“I love to see students grow more comfortable as I did and see how fun it is,” she said. “I believe a hard push from a trusted teacher is necessary.”
Supporters of the technique also argue that the Socratic method in its purest form, with no voluntary participation component, elicits an equal number of comments from men and women. Minow, who has held workshops on different pedagogical techniques to ensure faculty reach every student, recommends cold-calling as a teaching technique to balance participation.
“It turns out that many of the women who would think they would not have something to contribute find out that they do very well,” Minow said.
Although Harvard Law professors do still incorporate opportunities for voluntary response into their courses, some are relying more often on cold-calling to keep their students talkative.
Harvard Law professor Mark V. Tushnet ’67 said that he consciously calls on more women than men “just to move closer to gender balance.”
Suk said uses a similar strategy in her first-year criminal law class. “I find that the more students are called upon to speak the more likely they are to volunteer,” she said.
Overall, there is no right way to teach, according to Harvard Law Professor Gabriella Blum.

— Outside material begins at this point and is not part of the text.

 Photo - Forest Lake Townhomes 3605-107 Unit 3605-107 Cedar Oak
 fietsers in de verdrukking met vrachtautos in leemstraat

Blum said she encourages students “to expose themselves to different professors and teaching styles so as to enrich their experience,” she wrote in an e-mail.
THINKING LIKE A LAWYER
Early in his teaching career, one of Dershowitz’s star students approached him with an essay she submitted for another class. In other classes, she had received an A from not only Dershowitz, but also several other first-year teachers—yet she had received a D on her latest exam. After reading what he considered to be a stellar piece of academic writing, Dershowitz asked the student’s professor if an error had been made.
“He said, ‘I didn’t make a mistake, she just didn’t think like a lawyer,’” Dershowitz repeated. “It was clear he had been biased by her gender.”
This exchange prompted Dershowitz to push for anonymous grading at Harvard Law, a policy change that resulted in a dramatic increase in women’s grades.
“But they’re still not high enough,” Dershowitz said.
Though Minow has refused to release data on the gender breakdown of grades, professors said that indicators point to a dramatic disparity between men’s and women’s performance despite blind assessment.
Neufeld’s 2004 study found that women earned lower grades in first-year courses across three years of data, though the disparity varied in part with the content and gender of the professor. The form of assessment, by contrast, did not increase or decrease the grade disparity.
In the study, men were also more likely to receive graduation honors than women, a disparity frequently cited by the Shatter coalition.